What’s that? That isn’t happening? Turns out Vanderbilt has had to pause graduate student admissions because of concerns about funding. I guess surrendering in advance wasn’t the way to go.
I used Vanderbilt only because it was a recent, handy example, not the only one. The silence from major, well-resourced higher education institutions is truly deafening.
Writing at her personal website, Jackie Gharapour Wernz, an education and civil rights attorney, calls the Dear Colleague letter “regulation by intimidation,” which is exactly right. Bending the knee at this moment only demonstrates the effectiveness of intimidation.
Wernz walks through a number of ways the advisories in the letter go well beyond well-established law, while also making an additional important point: Trump is busy gutting the very agencies that would be able to do the investigation and enforcement of institutions they believe are in violation of legal regulations. This reality, plus the various procedural steps involved in these investigations, suggests that it may be far more advantageous to dig in and run out the clock of this initial flurry, particularly when existing law is clearly on your side.
But this doesn’t seem to be the strategy for most institutions.
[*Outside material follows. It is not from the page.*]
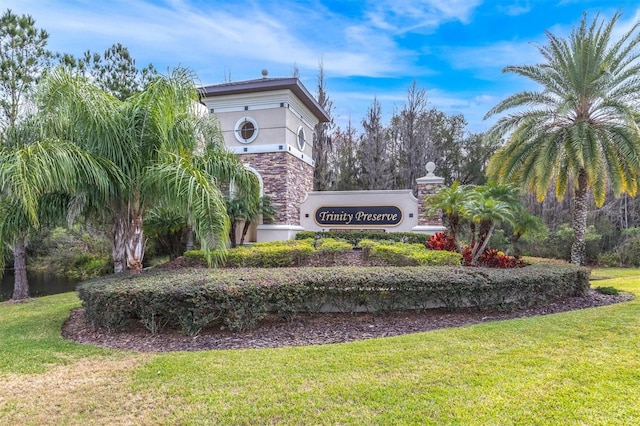 community sign featuring a lawn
They are going to hope this goes away. Trying to make yourself a smaller target doesn’t mean the people intent on destroying you are going to stop attacking.
Interestingly, the group of higher ed leaders who are … uh … leading belong to the Education for All coalition, primarily consisting of community college administrators. Under the “freedom’s just another world for nothing left to lose” theory, this should not be surprising. Giving in to the Trump administration’s demands to give up on providing educational opportunities to diverse cohorts of students with different desires and needs would be to abandon their work entirely. Their defiance is both principled and practical.
To me, this suggests that the more prestigious institutions that are cowering in the face of the intimidation perhaps do not see their mission in terms of providing access to all. In a lot of ways, the present situation is primarily revealing that which we already knew—that the interests in diversity, equity and inclusion in elite spaces were a virtue-signaling scrim over the much less savory reality of wealth and exclusion.
Look, I’m getting worked up here. The truth is, I don’t wish any harm on any higher education institution, but the institutions with the most resources, most power and most influence must step up.
The present threat goes well beyond an attack on the institutional coffers. These attacks on higher education are part of a much broader push toward authoritarianism as a federal executive (and his minions) direct the actions of formerly free institutions and people.
The good news is that should institutions stand up for themselves, I think they will find many people standing up with them, including, most importantly, the students. Unfortunately, the longer institutions hesitate to stand for the values they claim to hold, the more distrust they’re sowing with the very constituencies who could save them, who do not want to destroy them, but the opposite, who want to see them thrive.
The stakes are almost impossibly high. Shouldn’t we act like it?